Demas: O discípulo que amou o mundo e abandonou a Cruz

Um espelho para os católicos de hoje


Introdução: Um nome, um alerta eterno

Entre as muitas figuras que aparecem no Novo Testamento, algumas têm uma presença breve, mas poderosa — não pelo que realizaram, mas pelo que deixaram de ser. Um desses nomes é Demas. Em apenas três versículos das Sagradas Escrituras, o Espírito Santo revela o drama de um homem que caminhou ao lado do apóstolo São Paulo, mas cujo amor pelo mundo acabou eclipsando sua fidelidade a Cristo.

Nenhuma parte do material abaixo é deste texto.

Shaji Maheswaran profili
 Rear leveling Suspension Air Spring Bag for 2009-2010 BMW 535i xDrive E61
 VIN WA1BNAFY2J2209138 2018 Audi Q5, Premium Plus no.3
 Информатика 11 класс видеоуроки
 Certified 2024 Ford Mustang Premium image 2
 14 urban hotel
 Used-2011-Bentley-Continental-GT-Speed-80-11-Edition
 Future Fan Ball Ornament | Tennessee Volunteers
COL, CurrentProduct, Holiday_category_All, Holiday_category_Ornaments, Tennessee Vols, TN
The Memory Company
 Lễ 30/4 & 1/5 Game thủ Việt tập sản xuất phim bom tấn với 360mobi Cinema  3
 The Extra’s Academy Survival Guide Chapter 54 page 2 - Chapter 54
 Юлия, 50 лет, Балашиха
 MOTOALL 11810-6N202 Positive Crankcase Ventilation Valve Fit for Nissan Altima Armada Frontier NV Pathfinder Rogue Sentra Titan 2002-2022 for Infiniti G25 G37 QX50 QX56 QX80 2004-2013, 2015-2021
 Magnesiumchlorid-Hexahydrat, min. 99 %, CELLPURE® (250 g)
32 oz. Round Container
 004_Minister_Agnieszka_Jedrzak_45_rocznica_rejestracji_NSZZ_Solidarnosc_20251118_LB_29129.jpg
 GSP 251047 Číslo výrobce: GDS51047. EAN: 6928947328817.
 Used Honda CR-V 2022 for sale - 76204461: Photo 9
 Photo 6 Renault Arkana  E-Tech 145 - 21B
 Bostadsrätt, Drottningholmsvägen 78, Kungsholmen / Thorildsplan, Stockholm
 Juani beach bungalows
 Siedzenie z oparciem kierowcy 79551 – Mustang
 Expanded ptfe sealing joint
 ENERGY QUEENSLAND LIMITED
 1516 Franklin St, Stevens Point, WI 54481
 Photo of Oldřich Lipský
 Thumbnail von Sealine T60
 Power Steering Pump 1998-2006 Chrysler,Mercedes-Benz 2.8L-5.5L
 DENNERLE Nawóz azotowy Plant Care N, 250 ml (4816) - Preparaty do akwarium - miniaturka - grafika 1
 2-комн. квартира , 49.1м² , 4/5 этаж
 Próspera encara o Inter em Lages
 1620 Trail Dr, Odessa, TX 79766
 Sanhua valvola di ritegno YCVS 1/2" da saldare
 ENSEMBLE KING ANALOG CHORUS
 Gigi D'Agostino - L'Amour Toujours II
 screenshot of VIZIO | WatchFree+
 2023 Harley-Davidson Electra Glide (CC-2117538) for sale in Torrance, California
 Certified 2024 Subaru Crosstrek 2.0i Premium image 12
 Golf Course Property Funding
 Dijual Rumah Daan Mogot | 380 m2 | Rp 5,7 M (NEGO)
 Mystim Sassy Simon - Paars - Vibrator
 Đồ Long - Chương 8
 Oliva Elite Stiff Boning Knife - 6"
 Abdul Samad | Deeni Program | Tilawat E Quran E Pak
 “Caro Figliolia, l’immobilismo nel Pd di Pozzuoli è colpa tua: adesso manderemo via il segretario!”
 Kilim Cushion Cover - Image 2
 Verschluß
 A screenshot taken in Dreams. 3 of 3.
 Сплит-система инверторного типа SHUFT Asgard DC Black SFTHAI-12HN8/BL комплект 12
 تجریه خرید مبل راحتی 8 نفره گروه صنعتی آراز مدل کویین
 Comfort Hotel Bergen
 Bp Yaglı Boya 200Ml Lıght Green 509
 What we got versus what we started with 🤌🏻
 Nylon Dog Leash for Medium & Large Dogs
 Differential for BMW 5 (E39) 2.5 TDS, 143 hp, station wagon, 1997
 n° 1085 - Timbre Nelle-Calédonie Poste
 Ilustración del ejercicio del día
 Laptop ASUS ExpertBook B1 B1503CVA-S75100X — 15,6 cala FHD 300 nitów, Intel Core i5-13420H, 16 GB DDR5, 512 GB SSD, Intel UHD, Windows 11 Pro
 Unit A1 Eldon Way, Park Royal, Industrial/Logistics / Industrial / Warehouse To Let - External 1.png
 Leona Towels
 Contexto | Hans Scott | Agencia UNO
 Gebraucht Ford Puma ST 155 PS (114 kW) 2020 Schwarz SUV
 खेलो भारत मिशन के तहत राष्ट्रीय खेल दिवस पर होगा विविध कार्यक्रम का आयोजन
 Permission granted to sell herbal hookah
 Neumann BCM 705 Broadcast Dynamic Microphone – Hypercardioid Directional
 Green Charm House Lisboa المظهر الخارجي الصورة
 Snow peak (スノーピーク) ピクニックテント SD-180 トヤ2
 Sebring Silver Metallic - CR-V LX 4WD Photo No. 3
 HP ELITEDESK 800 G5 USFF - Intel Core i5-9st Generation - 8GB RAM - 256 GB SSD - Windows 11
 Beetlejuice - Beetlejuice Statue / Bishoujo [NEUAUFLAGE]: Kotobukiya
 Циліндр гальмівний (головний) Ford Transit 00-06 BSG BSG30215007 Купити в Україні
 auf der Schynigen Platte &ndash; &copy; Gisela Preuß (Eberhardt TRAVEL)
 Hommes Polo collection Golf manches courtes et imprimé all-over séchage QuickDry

Sua história é uma das mais silenciosas e, ao mesmo tempo, uma das advertências espirituais mais eloquentes. Numa época em que a tibieza, o apego às coisas mundanas e a superficialidade na fé se tornam cada vez mais comuns, a figura de Demas nos lança uma pergunta que atravessa os séculos: É assim tão fácil começar na graça e terminar numa apostasia silenciosa?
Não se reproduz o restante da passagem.